What seems like only moments later they’re at the entry to the mansion. Silver gives a few parting lies to the butler about court dates as he pushes Rey towards the police wagon that Battista is holding open.

“If you suspect anything else missing, our detectives can—”

“Oh no, thank you, you’ve been most helpful, officer,” the butler says quickly.

“Very well. Get in!”

With his hands chained, Rey slips clumsily on the steps into the police wagon, landing in an awkward heap on the rough wooden floor. The strange joyful feeling returns—though in a just world, this wouldn’t be mere playacting.

Silver climbs in after him and Battista slams the door. They wait in motionless silence until the engine starts and the wagon rattles into the street.

“Oh, my god...my god, I’m sorry…” Silver grabs Rey’s arm to help him onto the bench, then feels around his uniform for the handcuff keys. “God, why would you make me...you’re bleeding, oh god…” Giving up on the keys, Silver pulls out one of the small hairpins fastening his wig and kneels on the floor next to Rey. “I didn’t think...there was so little time...does it hurt much? I never should have—”

As soon as the cuffs fall free, Rey bends over Silver, catching his chin in both hands and kissing away the undeserved apologies. Silver goes stiff for a moment, then relaxes, opening his mouth for Rey and nipping at his bottom lip delicately. 

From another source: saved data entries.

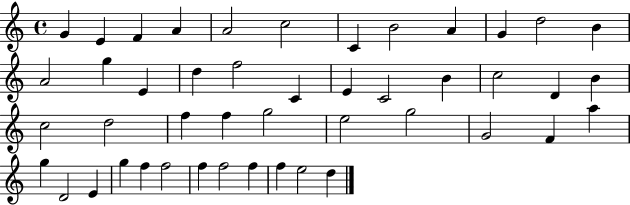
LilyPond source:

{
  \clef treble
  \time 4/4
  \defaultTimeSignature
  \key c \major
  g'4 e'4 f'4 a'4 | a'2 c''2 | c'4 b'2 a'4 | g'4 d''2 b'4 | \break a'2 g''4 e'4 | d''4 f''2 c'4 | e'4 c'2 b'4 | c''2 d'4 b'4 | \break c''2 d''2 | f''4 f''4 g''2 | e''2 g''2 | g'2 f'4 a''4 | \break g''4 d'2 e'4 | g''4 f''4 f''2 | f''4 f''2 f''4 | f''4 e''2 d''4 | \break \bar "|."
}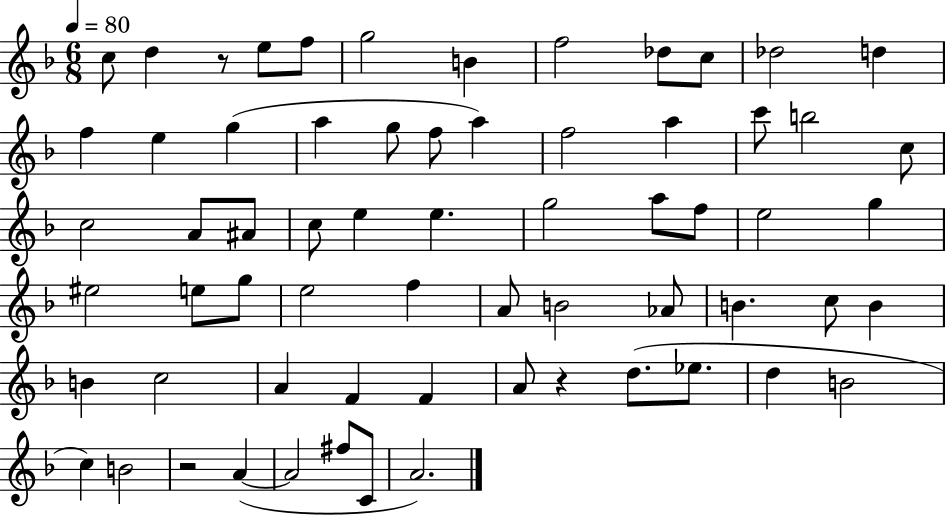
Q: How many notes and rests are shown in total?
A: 65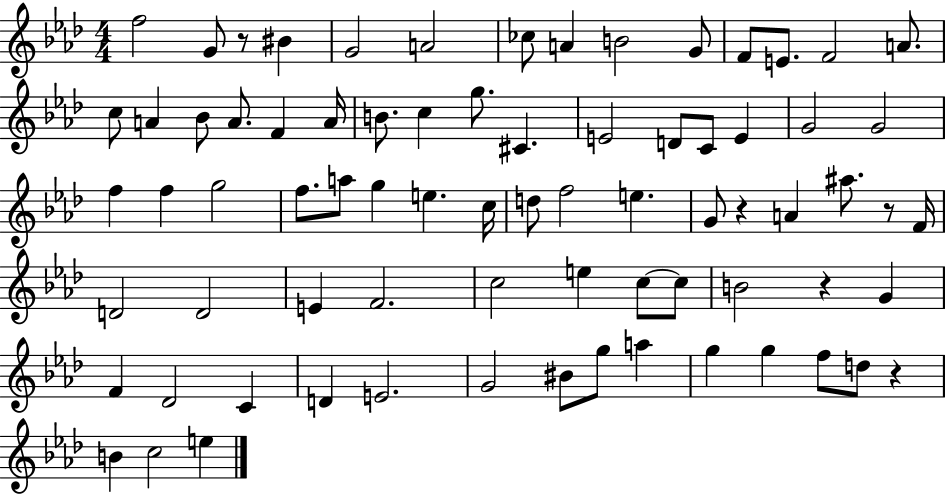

“I’m fine,” Rey says as he pulls away. “You didn’t hurt me...not much, anyway.” Far less than Silver should have done, in any case. “I know what I’m doing.” Silver never even had the chance to know. “In fact...in fact you could even...we could…” Rey trails off. He has no right to take away even those cruelly blissful nights together that serve as a brief reprieve from Silver’s life of violence.

Silver stares up at him with a small furrow between his brows, darkened from their usual white with Sophie’s kohl pencil.

“Never mind all that,” Rey says quickly, pulling Silver up beside him and putting an arm around his waist. Silver wraps an arm around him as well, and takes the police cap off so he can rest his head on Rey’s shoulder with a soft sigh.

Rey squeezes him gently as the vibrations of the automobile flow through them, soothing the aches and stiffness of today’s adventure. With the uniform, wig, and makeup, Silver looks like someone else entirely. Not Silver, but not Michel, either. Someone Rey could love properly, without having to ruin first.

“We’ll have to move again, after this,” Rey says. “We’re safe for now, but they’re going to check that room soon enough.” He reaches up to rest his hand in the dark wig as Silver presses closer. “I was getting tired of Italy anyway, weren’t you?”

“Mm,” Silver affirms tiredly—Rey remembers suddenly how much he felt him shaking last night.

“Geneva might be nice...or Budapest...what do you think?”

“Oh, anywhere…” Silver’s eyes start to drift shut. “’s long as we’re together…”

“Could go to Paris. Wouldn’t you like to see that mad tower they built for the last World’s Fair?” Rey says, feeling an odd sort of desperation for Silver to actually want something. 

“Paris…” Silver murmurs as Rey strokes the wig gently. “Might be nice…”

Rey tries to hear it as Silver’s own wishes, not just an exhausted echo of what he thinks Rey wants to hear. That’s another lie, just like everything else about their lives, but he can nearly convince himself. “Paris it is, then.”